Kaya joined Cancer Care Northwest in 2004 and quickly began Eastern Washington’s first program to transplant stem cells for patients with lymphoma and myeloma.

They did six transplants in 2005 and have grown the program to include referrals from around the state and Idaho and Montana. While the procedure is not new to the fight against blood cancers, patients previously had to go to Seattle for the treatment, where they had to stay for three months through chemotherapy and checkups.

“It’s a lot of financial hardship and emotional hardship,” Kaya said. “Here when they are in the hospital, their family and friends can visit them every day. They can stay with them.”

Local patients also only need to stay in the hospital for a few weeks at a time.

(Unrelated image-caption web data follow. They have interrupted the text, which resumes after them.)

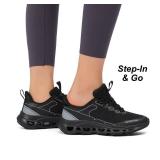 Women's Walking Shoes Running Tennis Comfortable Non-Slip Workout Gym Sports Fashion Sneakers Black US 8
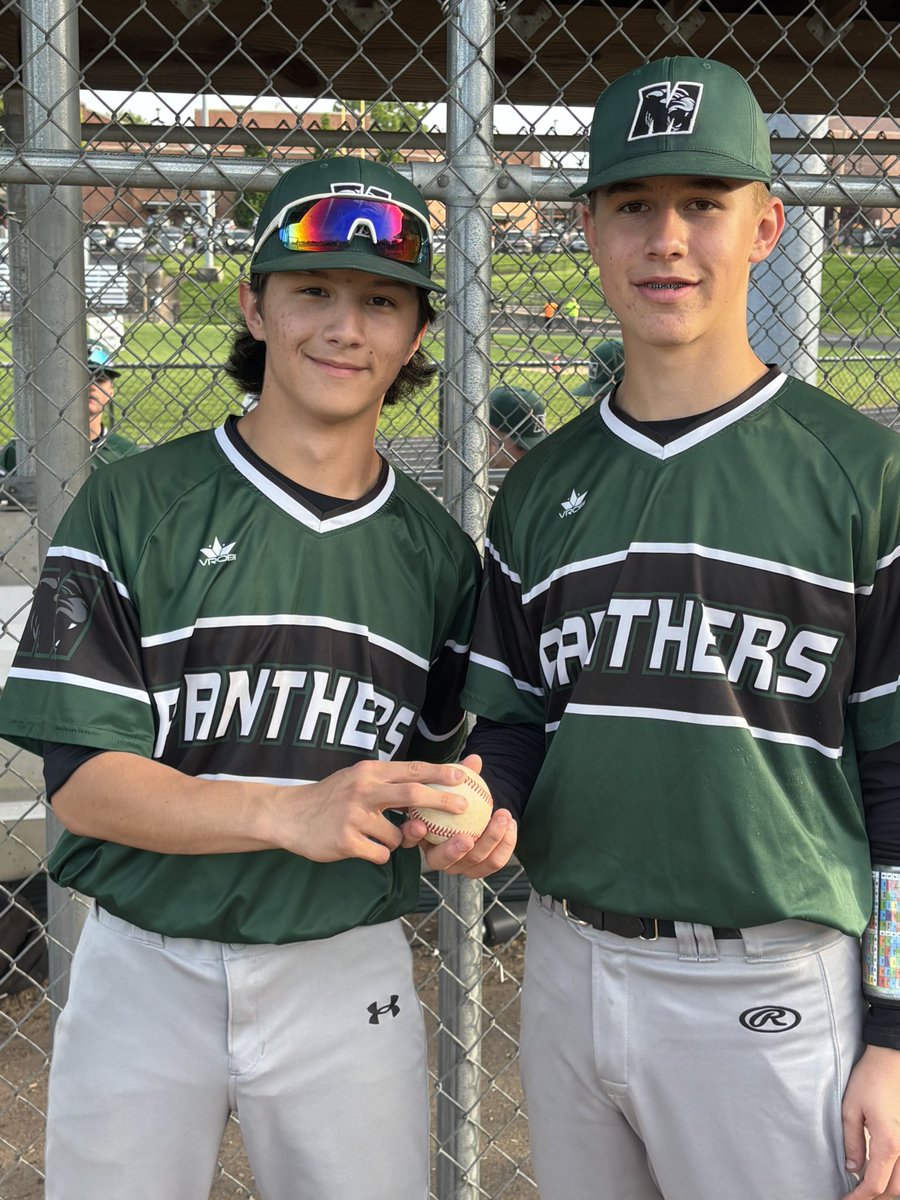 MHSVarBaseball's tweet image. Combined no hitter from freshman Ryan Maloney and Caleb Dix  vs Ritenour! 5 strong innings for Maloney, Dixie closed the door in the 6th, Panthers roll 13-0. #WeAreMehlville
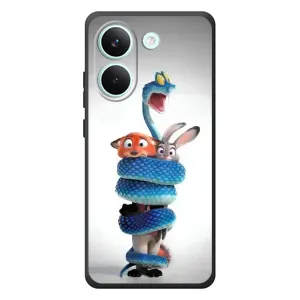 Силиконовый чехол с принтом Зоотрополіс для Xiaomi Poco X8 Pro (Змея Зоо)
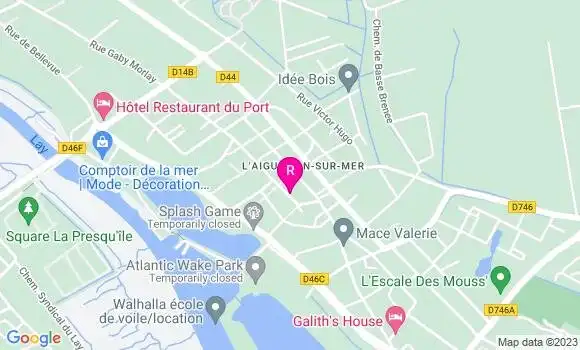 Localisation Restaurant  Pizza du Centre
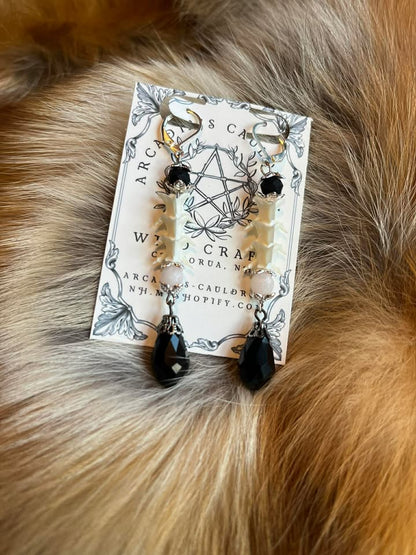 Earrings: The Spine of the Serpent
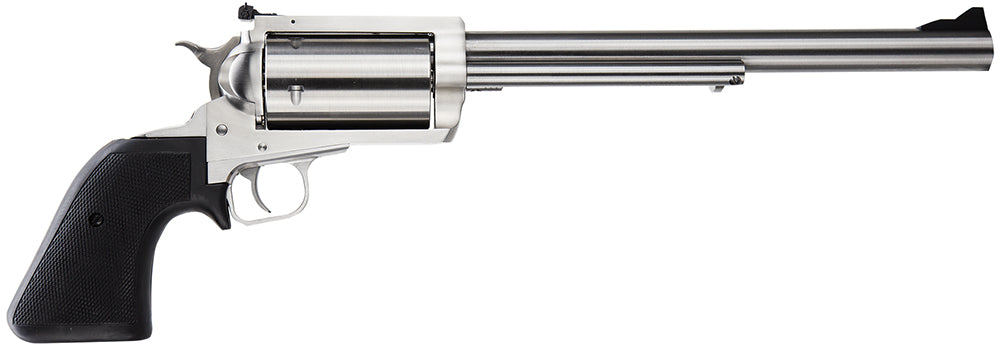 Magnum Research BFR4570 BFR Long Cylinder Large Frame 45-70 Gov 5 Shot, 10" Brushed Stainless Steel Barrel, Cylinder & F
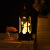Luminous Flame Lamp Decoration Scene Layout Christmas Decoration Small Oil Lamp Christmas Retro Interior Hexagonal Storm Lantern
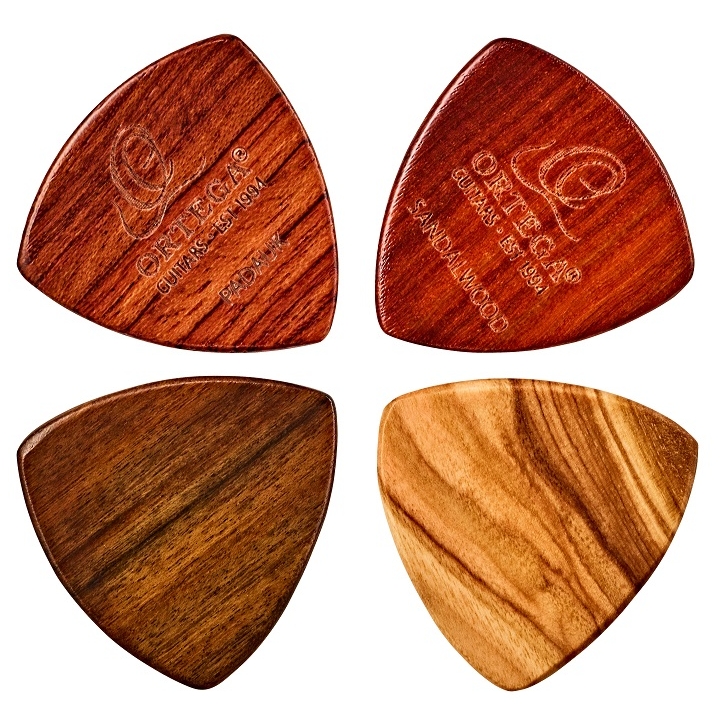 Ortega - Ortega OGPWXLF-MIX4 Holz-Plektren XL 4er Pack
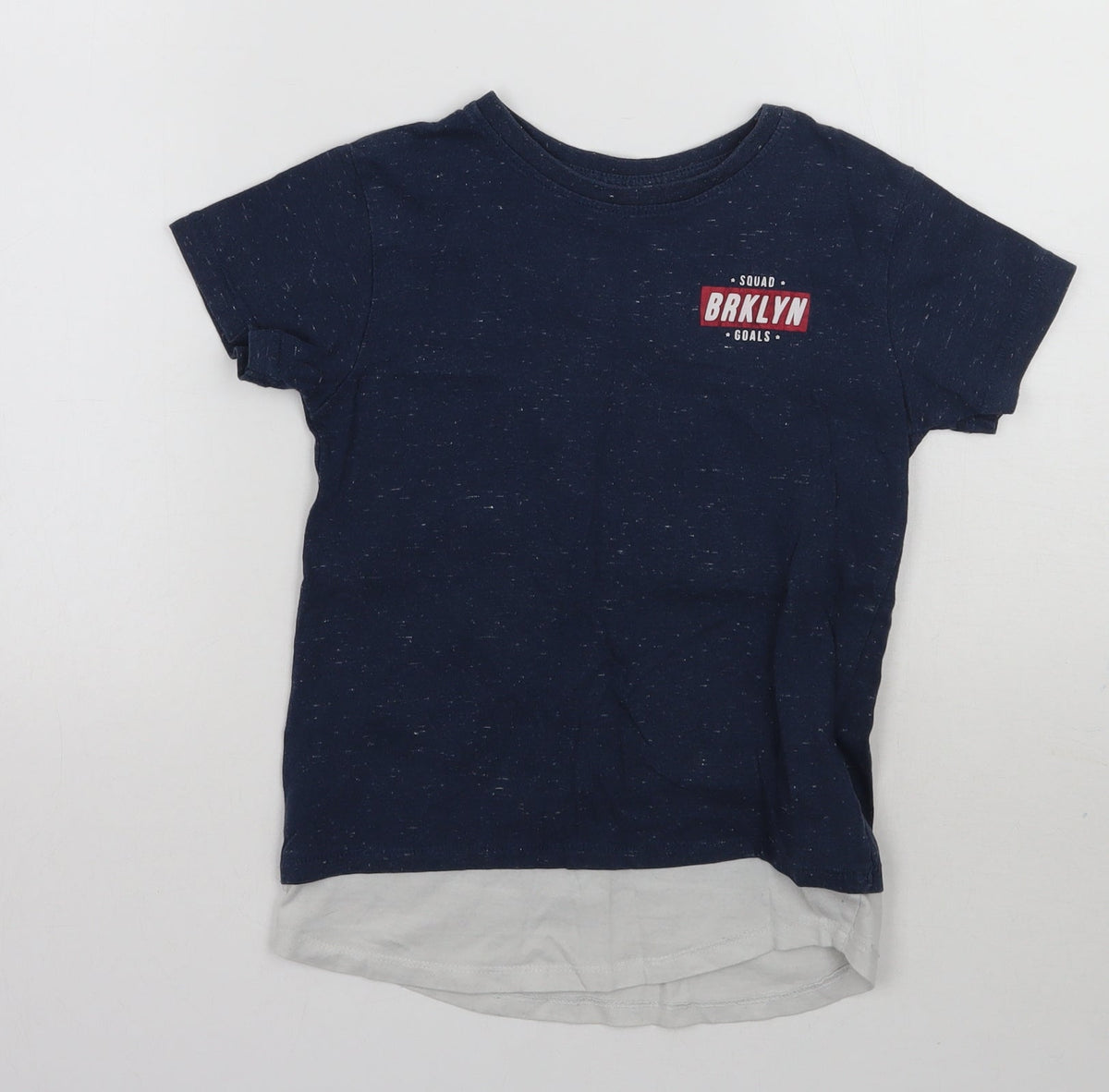 Additional front view of Primark boys’ blue basic t-shirt, size 5-6, years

For Jamison, that’s meant having the company of his wife, Pamela, and a return to the classroom as he goes through treatments.

“Going back and teaching as much as I can has been very helpful,” he said. “It’s very therapeutic.”

After 100 patients, Kaya said the practice is growing, but patients still occasionally get referred to Seattle. Kaya said they should ask their doctors about opportunities to stay local.

The goal of the transplant is to protect a patient’s healthy cells while attacking cancer cells.

If a patient needs a high dose of chemotherapy, like what is often needed to cure lymphoma or treat myeloma, doctors want to preserve the healthy stem cells, which make blood and do not grow back. The procedure filters the stem cells out of the patient’s bone marrow and into the blood, where it is collected by a machine and stored in a cooler at negative 165 degrees. The patient is then given the high-dose chemotherapy, hopefully killing the cancer cells. A day later the stem cells are put back into the body unharmed.

“Those stem cells are really smart,” Kaya said. “They kind of look around and then go back to the bone marrow. It takes about a week or so to replenish the bone marrow, and then the patient survives.”

While myeloma is not a curable disease, Kaya said the transplant puts patients in remission for much longer.

“In multiple myeloma, there’s a new therapy like every few months,” Kaya said. “There are always new drugs. By doing a stem cell transplantation, you give them an opportunity to use the new drugs when they are available.”

At 63 years old, Jamison said he hasn’t given any thought to not surviving his cancer. A former conductor for the Ohio State University Marching Band, he said he plans to be back teaching and playing percussion for the Spokane Civic Theatre in the spring.

“You don’t have to be sick and think it’s going to be the end,” Jamison said. “You just have to think about the positives.”